Legal meaning of 'offend, insult, humiliate or intimidate'

2.21 The Federal Court in Jones v Scully explicitly set out the dictionary definitions of the terms 'offend, insult, humiliate or intimidate' in an attempt to establish the meaning to be given to each word individually.14 The ordinary meaning of the words provided in Jones v Scully provide some guidance, but must also be consistent with the threshold established by Kiefel J,15 in Creek v Cairns Post Pty Ltd,16 that section 18C only applies to conduct having 'profound and serious effects, not to be likened to mere slights'. This standard has been affirmed in the case law.17

2.22 It is worth noting, however, that the Court generally does not consider each term in isolation. Although in McGlade v Lightfoot the relevant conduct was found to be reasonably likely to 'offend' and 'insult', the Court made it very clear that it was not  reasonably likely to humiliate or intimidate.18 This means that the legal meaning of 'offend, insult, humiliate or intimidate' does not wholly correspond with the ordinary or 'common sense' meaning of the terms. In other words, as interpreted by the courts, conduct that is merely offensive or merely insulting will not be captured by section 18C of the RDA, but only more serious forms of conduct on the basis of race. While some submitters suggested that the words used in section 18C created uncertainty, the committee received evidence from other witnesses that the legal meaning and judicial interpretation of section 18C was well settled as applying only to conduct at the more serious end of the range.19
14 [2002] FCA 1080.
15 Kiefel J is now the Chief Justice of the High Court.
16 [2001] FCA 1007, [16].
17 Bropho v Human Rights and Equal Opportunity Commission (2004) 135 FCR 105 at 131, [70]
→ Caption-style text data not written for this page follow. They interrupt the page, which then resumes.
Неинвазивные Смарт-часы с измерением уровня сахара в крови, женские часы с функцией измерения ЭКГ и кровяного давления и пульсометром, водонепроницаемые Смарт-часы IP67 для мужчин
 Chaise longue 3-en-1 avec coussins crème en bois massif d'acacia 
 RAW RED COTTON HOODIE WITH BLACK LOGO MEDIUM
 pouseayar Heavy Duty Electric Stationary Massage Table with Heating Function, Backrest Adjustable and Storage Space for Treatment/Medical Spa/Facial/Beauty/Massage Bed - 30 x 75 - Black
(French J) (Bropho); Jones v Scully (2002) 120 FCR 243, [102]; Eatock v Bolt (2011) 197 FCR 261
at [267]-[268] (Justice Bromberg) (Eatock).
18 McGlade v Lightfoot (2002) 124 FCR 106, 120 at [61]-[62].
19 See, for example: Law Institute of Victoria, Submission 184, 4; Mr Iain Anderson, Deputy
Secretary, Attorney-General's Department, Committee Hansard, 17 February 2017, 21-22.